Birth Centers follow the same midwifery care model as a home birth, but you’re at a facility that usually feels like a home, even spa-like — soft and quiet — and it’s not attached to a hospital. Birth Centers have several birth rooms and a bigger staff of Midwives and Birth Attendants (Registered Nurses) that see you through prenatal visits, birth, and postpartum.
There are about 10k births every day in the US. Hospitals will more than likely not have the beds they need for the surge of Covid-19 patients that are expected. There are some mathematical models that estimate we could overload our hospital and healthcare system by the first week in May 2020.
So far, the hospital policies around birth are changing — rapidly and sometimes by the hour. There have been changes to many hospital’s visitor policies that have extended to essential birth support such as doulas. Many are not being allowed at the birth; only one other person is allowed with the birthing person (often the partner, friend or family support), and they’re required to leave immediately after the birth. Women are also being induced early in order to get births “in” while the hospital has capacity. Induction is one of the common medical interventions that lead to 60% of unplanned surgical Cesarean births and could drastically change your plans for birth.

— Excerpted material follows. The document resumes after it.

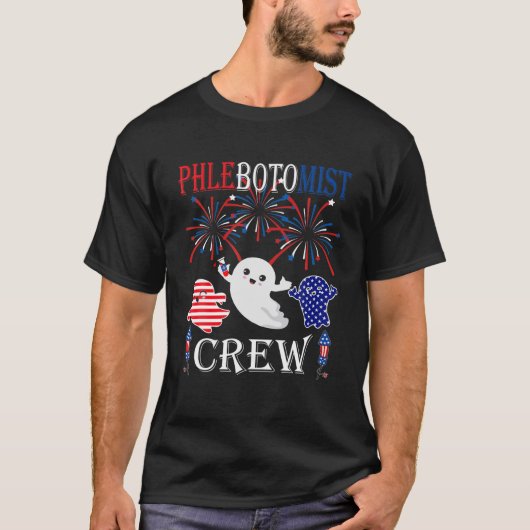 Phlebotomistクルー3赤ホワイト幽霊とブルーG Tシャツ (正面)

The midwifery model that tends to support births at home or in a birth center and sometimes a hospital, has a much lower rate of Cesarean births. We’re talking low–single digits versus 20-30% in a traditional hospital setting. They’re welcoming to doulas and partners because they understand the importance of having those people by your side. They are also fully equipped, medically trained, and knowledgeable in all areas concerning pregnancy, birth, postpartum, and newborns.
So, while a Home Birth or Birth Center might not have been a consideration before, you might find yourself having a much calmer, grounded and joyful experience going that route rather than a hospital during this time in our history (or any time for that matter). Hospitals in Minnesota are starting to cancel postpartum visits — and that’s a trend with all outpatient appointments spreading across the country. Midwives are currently stating that they plan to check up on you at home or the center in the following days and weeks after your baby is born.

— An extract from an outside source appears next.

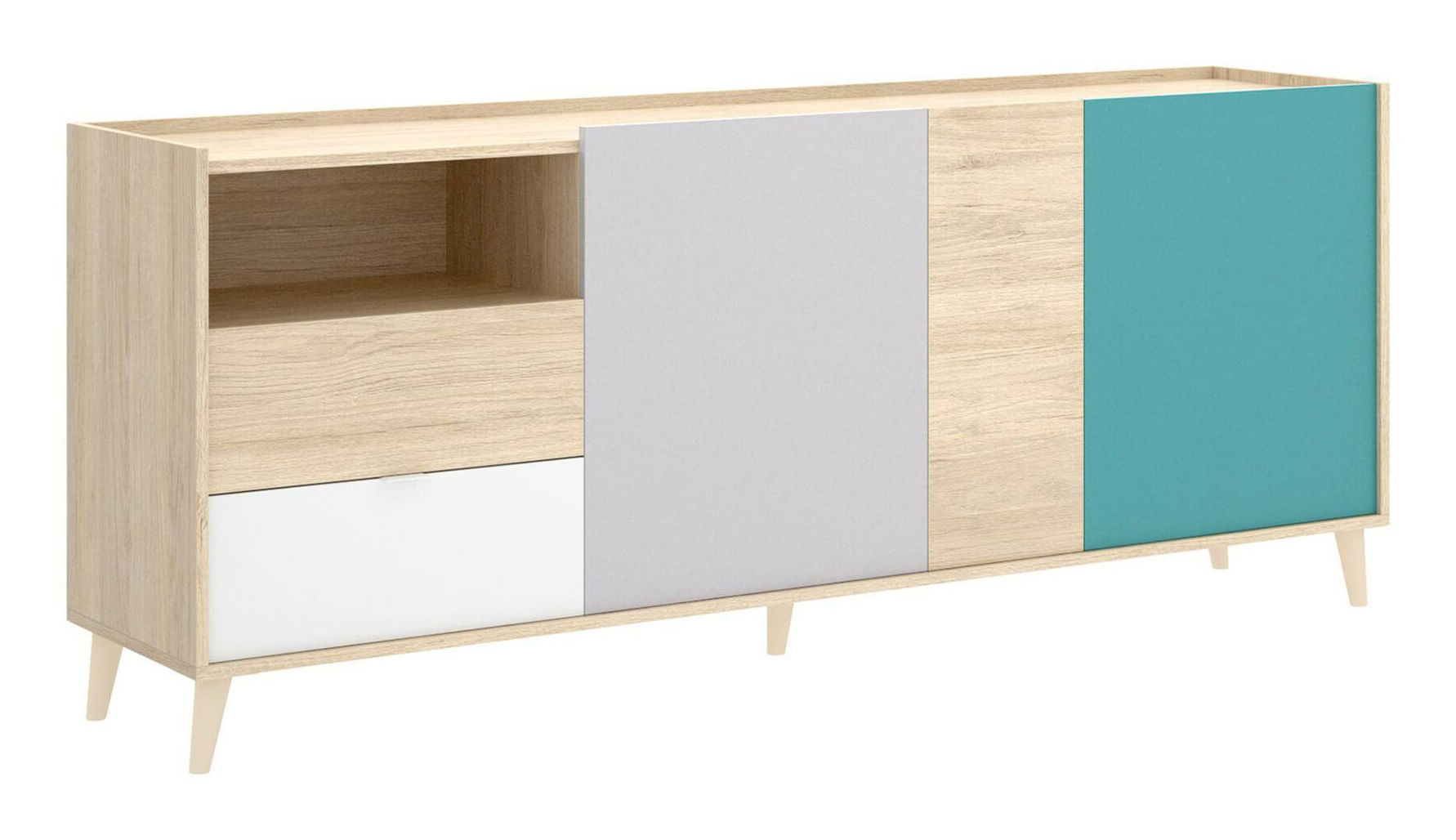 Dmora Credenza Dguerin, Buffet da soggiorno, Madia moderna da salotto a 3 ante, 180x43h75 cm Dmora Dguerin Buffet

In all of this, we want to encourage you not to lose sight of the beautiful miracle inside of you and the hope of new birth… the sweet beginning of new life. We sincerely care about your health and safety and want to see your little one come into this world in an environment that’s full of all the joy that should be, and we want you to feel completely at peace with the birthing location you choose, whether that’s a hospital, birth center, or your home. We know that having a baby is life-changing and can maybe feel overwhelming, especially with all the uncertainty in our world right now. We want to empower you by presenting options. You have a voice in how your little one makes their way into your arms.

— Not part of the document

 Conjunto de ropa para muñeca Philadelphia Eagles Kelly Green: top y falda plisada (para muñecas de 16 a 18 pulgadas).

Stay safe and healthy — we’ll get through this. We’re here for you. Seriously, we are cataloging the availability of home birth and birth center availability across the country. And we have resources for you to search midwives, birth centers, doulas, and lactation consultants that have availability in-home (with protective measures) and with virtual appointments as well. Many of these professionals have recently lost much of their work and income since hospitals have strictly limited much of the birth support team and visitors during a birth and their passion and expertise is to support birthing people.
We wish you peace and love around the arrival of your little one. Knowledge is power. You are powerful. And you’re not alone. You've got this.